A three member Bench of the SC recently overruled its earlier decision in Roofit Industries Ltd vs SEBI, and provided a controlled discretion to the Adjudicating Officer in fixing penalties for offences under the SEBI Act as well Securities Contract Regulation Act (SCRA) as a result of  the ruling, the Adjudicating Officer shall not be constrained by the minimum extent of penalty laid in SEBI Act and may, where circumstances so warrant, either waive off the penalty completely or may assign a penalty less than the so called minimum.

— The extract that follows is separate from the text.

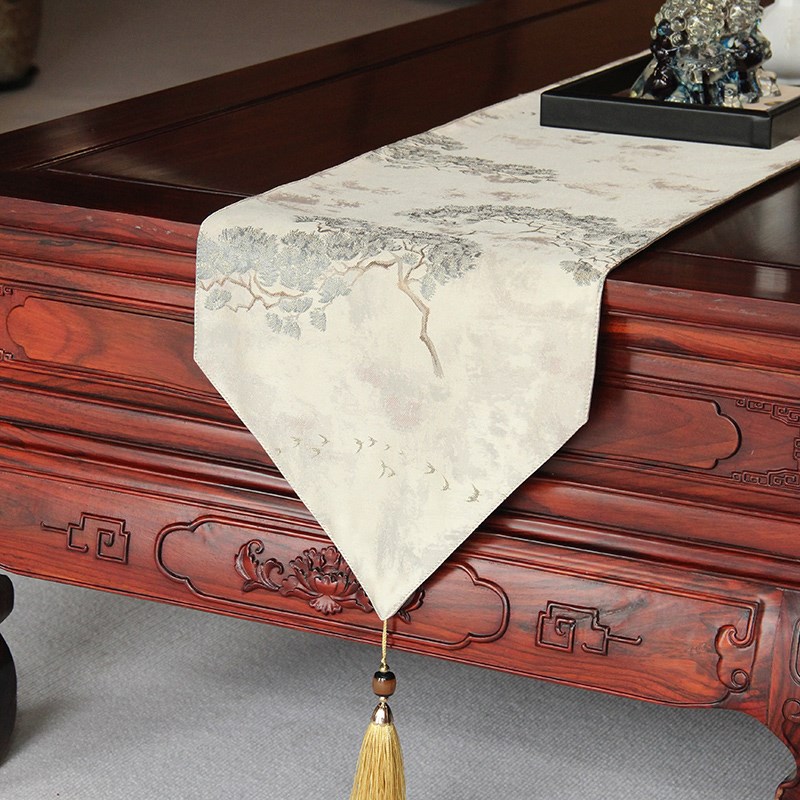 新中式禅意桌旗餐桌电视柜茶几茶台茶席轻奢茶旗茶桌高端桌布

Thus, the adjudication of penalties may be expected to be more commensurate with the gravity of the offence, than was so far possible primarily due to the position arising out of Roofit ruling.

In this article, we are going to briefly discuss the status of section 15J of Securities and Exchange Board of India Act, 1992, as clarified by a recent judgement of Hon’ble Supreme Court of India in the case of Adjudicating Officer vs. Bhavesh Pabari dated 28th February, 2019[1]. However, before discussing the judgement of Hon’ble Supreme Court we have to first understand what the provision of section 15J of the Act provides for and the relevance of such provision.

The SEBI Act was enacted in 1992 which laid down the heavy penal consequences for non-compliance under section 15A to 15HA of the Act. However, the quantum of penalty and power of adjudication was provided under section 15J of the Act which has to be read along with sections pertaining to penal provisions. To summarise, we may say that section 15A to 15HA provides for penal provisions 15J provides for determination of quantum of penalty by the Adjudicating Officer. Accordingly, the relevant extract of the section has been reproduced below:

 “While adjudging quantum of penalty under section 15-I, the adjudicating officer shall have due regard to the following factors, namely :—

(a) the amount of disproportionate gain or unfair advantage, wherever quantifiable, made as a result of the default;

(b) the amount of loss caused to an investor or group of investors as a result of the default;

(c) the repetitive nature of the default.

Explanation.—For the removal of doubts, it is clarified that the power of an adjudicating officer to adjudge the quantum of penalty under sections 15A to 15E, clauses (b) and (c) of section 15F, 15G, 15H and 15HA shall be and shall always be deemed to have been exercised under the provisions of this section.”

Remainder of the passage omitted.